La promesa camina por una delgada línea legal. Si bien la ley federal prohíbe explícitamente el intercambio de dinero por votos, la oferta de Trump parece sortear esta restricción al presentarse como una promesa general de campaña dirigida a todos los adultos, sin importar su postura política.
Sin embargo, el verdadero escollo es institucional: la Constitución exige que el gasto público sea aprobado mediante una partida legislativa en el Congreso, algo que el propio mandatario ha puesto en duda al asegurar que no requerirá el visto bueno del Legislativo.
En cuanto a la financiación, la idea de cubrir el programa mediante aranceles choca con la realidad matemática. Un desembolso estimado en 1,4 billones de dólares consumiría cerca de siete años de la recaudación aduanera total del país. A esto se suma que la Corte Suprema anuló recientemente los aranceles clave de la administración, dejando un vacío financiero que, según la Tax Foundation, dispararía el déficit fiscal del país hasta rozar los 3 billones de dólares.

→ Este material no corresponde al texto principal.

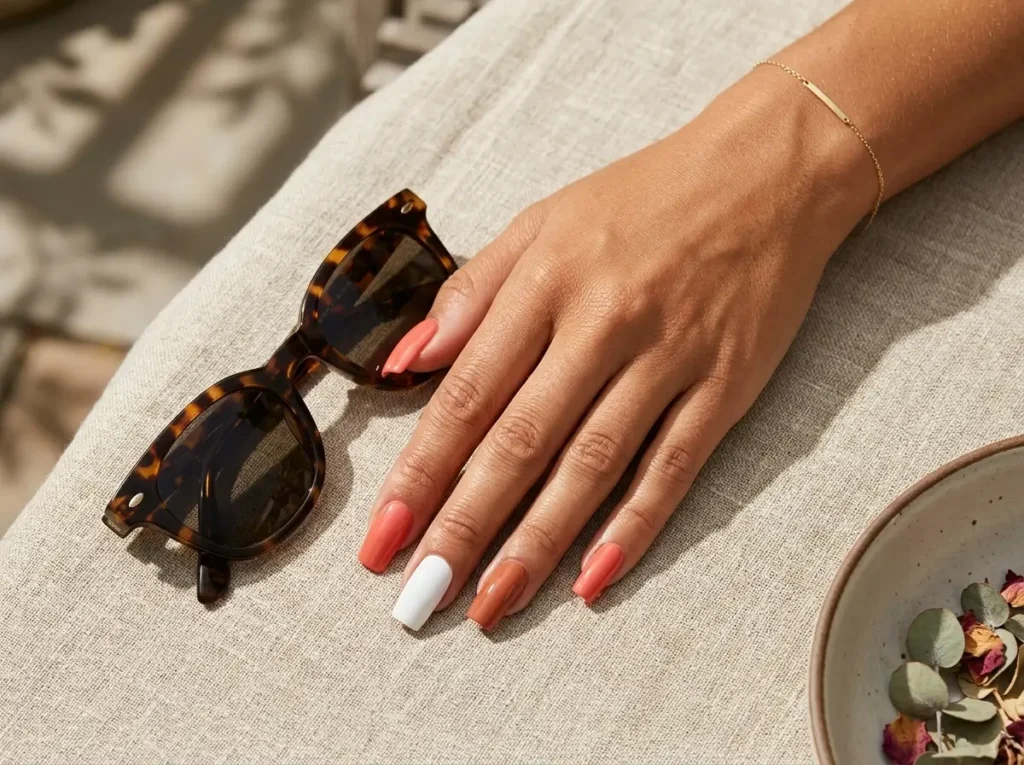 Best Nail Colors for Every Skin Tone (2026 Guide) 6 Coral and terracotta nail colors on tan skin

Un billonario desembolso con efectos inflacionarios
Con un universo estimado en 276,8 millones de adultos en el país, transferir 5.000 dólares a cada ciudadano implicaría inyectar aproximadamente 1,38 billones de dólares a la economía —cifra que se reduce a unos 1,27 billones si se limita estrictamente a ciudadanos—.
Para los economistas, la medida encaja en el concepto de “dinero helicóptero”: liquidez masiva sin contraprestación directa. En un contexto donde la inflación se sitúa en el 3,4% (superando la meta ideal del 2% del banco central) y los precios sufren presiones adicionales por el choque energético con Irán, un estímulo de esta magnitud recalentaría fuertemente la demanda y encarecería aún más los bienes de consumo. Investigaciones previas de la Reserva Federal apuntan a que estímulos fiscales pasados ya añadieron hasta 2,6 puntos porcentuales a la inflación estadounidense.

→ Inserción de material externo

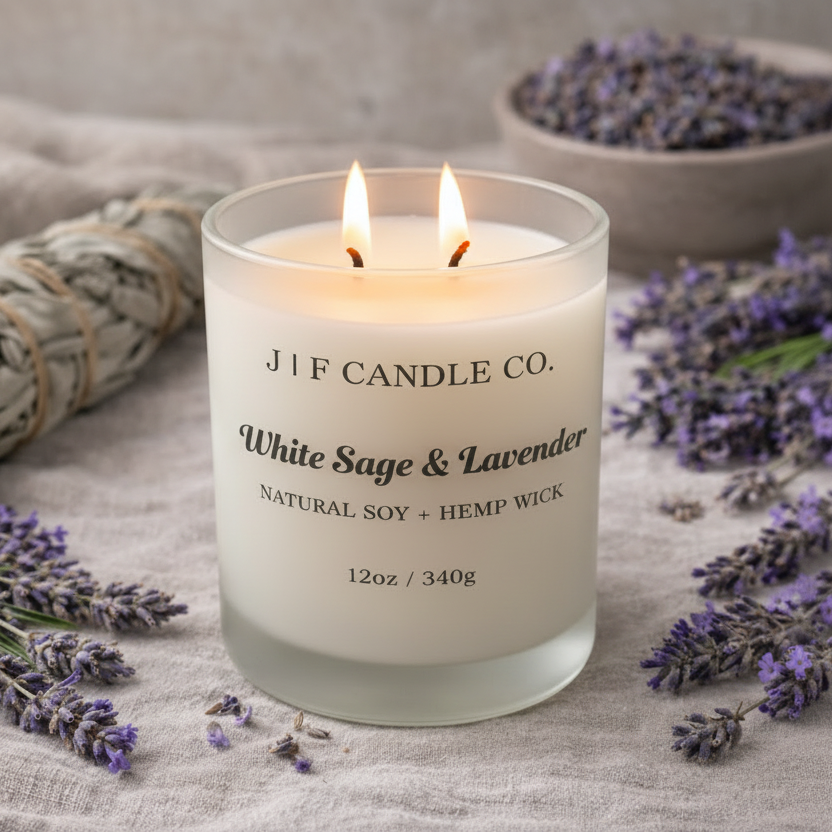 White Sage & Lavender soy candle by J | F Candle Co with lit wick, styled with dried sage bundle and fresh lavender on a soft neutral stone surface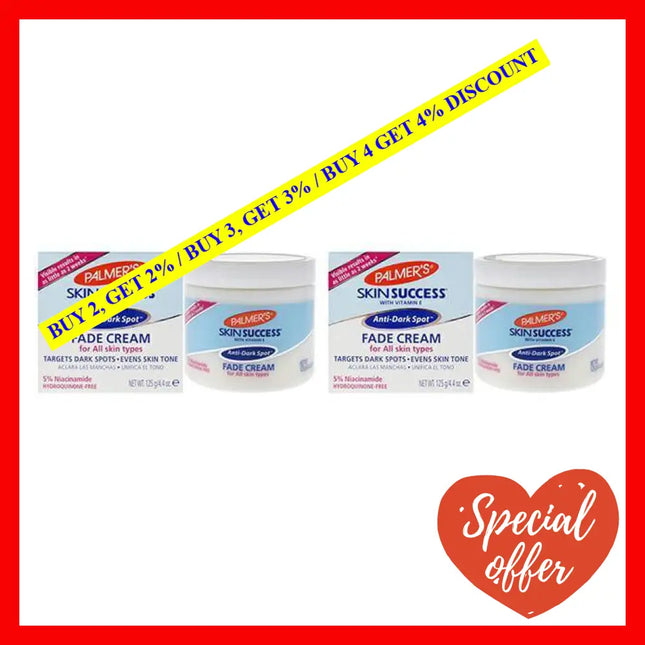 Skin Success Anti-Dark Spot Fade Cream - All Types Pack Of 2 By Palmers For Unisex 4.4 Oz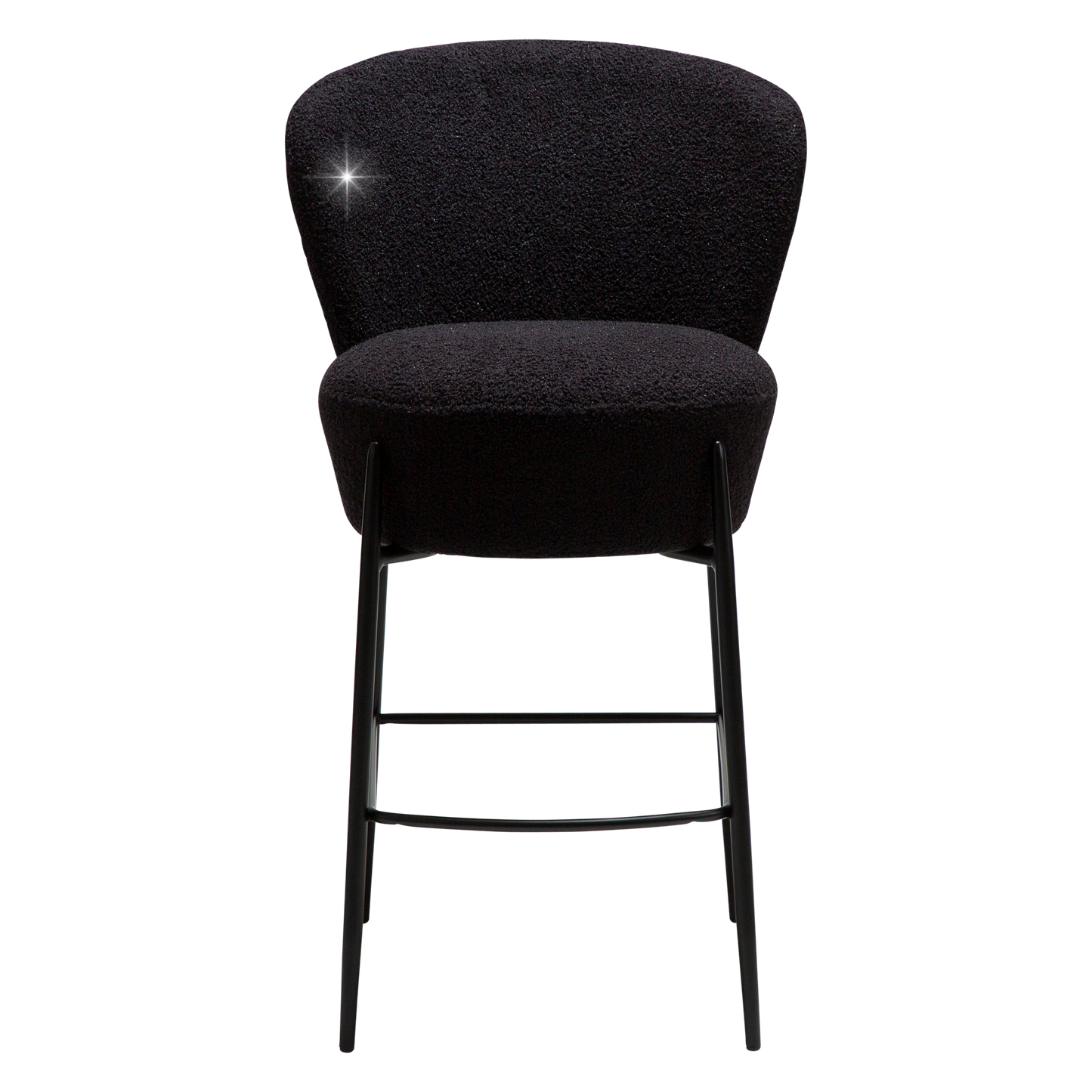 [var:Bezug=Obsidian schwarz RPES Bouclé-Stoff mit Schimmer und schwarzen Metallbeinen] ORBIT Barhocker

Indignación y duras críticas de la oposición
La reacción de los demócratas no se hizo esperar y calificaron la propuesta de maniobra electoralista e irresponsable. El gobernador de California, Gavin Newsom, tildó la iniciativa de “soborno político” financiado con los impuestos de los ciudadanos, mientras que el congresista Jamie Raskin advirtió que la medida elevaría una deuda nacional que ya supera el récord histórico de los 40 billones de dólares.
Con el panorama electoral de noviembre a la vuelta de la esquina, la promesa del “dividendo Trump” se perfila tanto como un ambicioso anzuelo político como un gigantesco desafío económico para el futuro financiero del país.